I need to speed up the following Linq query

Question 1

Step 1: Establish a business case

The first thing we need to do is ask "How fast does it need to be?", because if we don't know how fast it needs to be we can't know when we're done. This isn't a technical decision, it's a business one. You need a stakeholder-centric measure of "Fast Enough" to aim for, and you need to bear in mind that Fast Enough is fast enough. We aren't looking for "As Fast As Possible" unless there's a business reason for it. Even then, we're normally looking for "As Fast As Possible Within Budget".

Since you're my stakeholder, and you don't seem to be too upset about the performance of your stored procedure, let's use that as a benchmark!

Step 2: Measure

The next thing we need to do is measure our system to see if we're Fast Enough.

Thankfully you've already measured (though we'll talk more about this later). Your stored procedure runs in 0.5 seconds! Is that Fast Enough?

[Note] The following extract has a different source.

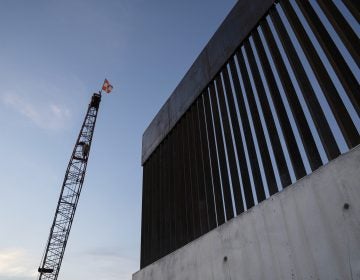 A new section of the border wall is seen in November 2019 south of Donna, Texas. Trump's 576-mile border wall is expected to cost nearly $20 million per mile, which is more expensive than any other wall under construction in the world. (Verónica G. Cárdenas for NPR)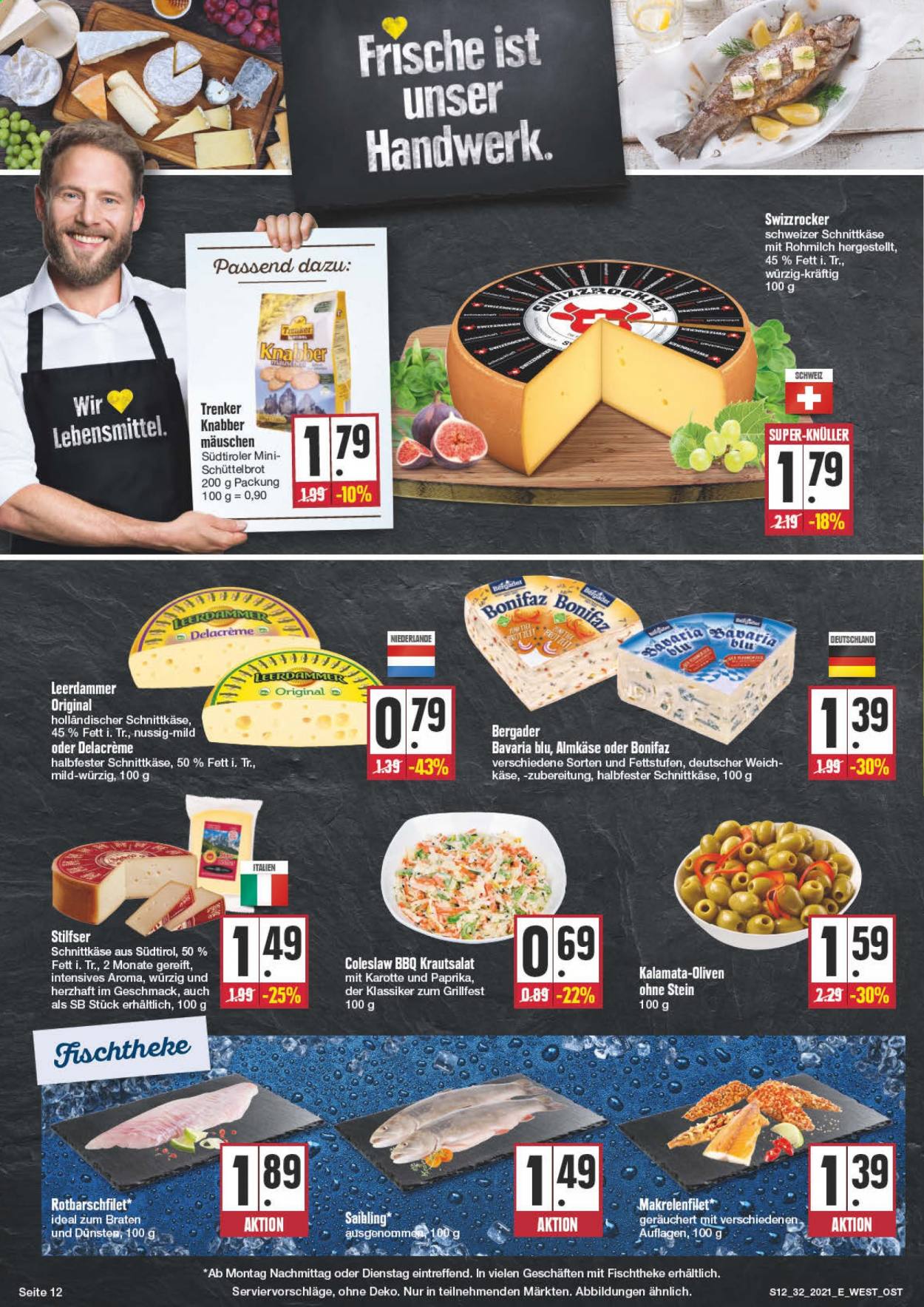 Edeka Prospekte  - 9.08.2021 - 14.08.2021. Seite 12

Yes it is! Job done!

There is no justification for continuing to spend your time (and your boss' money) fixing something that isn't broken. You probably have something better to be doing, so go do that! :D

Still here? Ok then. I'm not on the clock, people are badmouthing tech I like, and optimising Entity Framework queries is fun. Challenge Accepted!

Step 3: Inspect

So what's going on? Why is our query so slow?

To answer that question, I'm going to need to make some assumptions about your model:-

public class Foo
{
    public int Id { get; set; }

    public int BarId { get; set; }

    public virtual Bar Bar { get; set; }
}

public class Bar
{
    public int Id { get; set; }

    public string Value { get; set; }

    public virtual ICollection<Foo> Foos { get; set; }
}

Now that we've done that, we can have a look at the horrible query that Entity Framework is making for us:-

using (var context = new FooContext())
{
    context.Database.Log = s => Console.WriteLine(s);

    var query = context.Foos.FirstOrDefault(x => x.Id == 1).Bar.Value;
}

I can see from the log that TWO queries are being run:-

SELECT TOP (1)
[Extent1].[Id] AS [Id],
[Extent1].[BarId] AS [BarId]
FROM [dbo].[Foos] AS [Extent1]
WHERE 1 = [Extent1].[Id]

SELECT
[Extent1].[Id] AS [Id],
[Extent1].[Value] AS [Value]
FROM [dbo].[Bars] AS [Extent1]
WHERE [Extent1].[Id] = @EntityKeyValue1

Wait, what? Why is stupid Entity Framework making two round-trips to the database when all we need is one string?

Step 4: Analyze

Let's take a step back and look at our query again:-

var query = context.Foos.FirstOrDefault(x => x.Id == 1).Bar.Value;

Given what we know about Deferred Execution what can we deduce is going on here?

What deferred execution basically means is that as long as you're working with an IQueryable, nothing actually happens - the query is built up in memory and not actually executed until later. This is useful for a number of reasons - in particular it lets us build up our queries in a modular fashion then run the composed query once. Entity Framework would be pretty useless if context.Foos loaded the entire Foo table into memory immediately!

Our queries only get run when we ask for something other than an IQueryable, e.g. with .AsEnumerable(), .ToList(), or especially .GetEnumerator() etc. In this case .FirstOrDefault() doesn't return an IQueryable, so this triggers the database call much earlier than we presumably intended.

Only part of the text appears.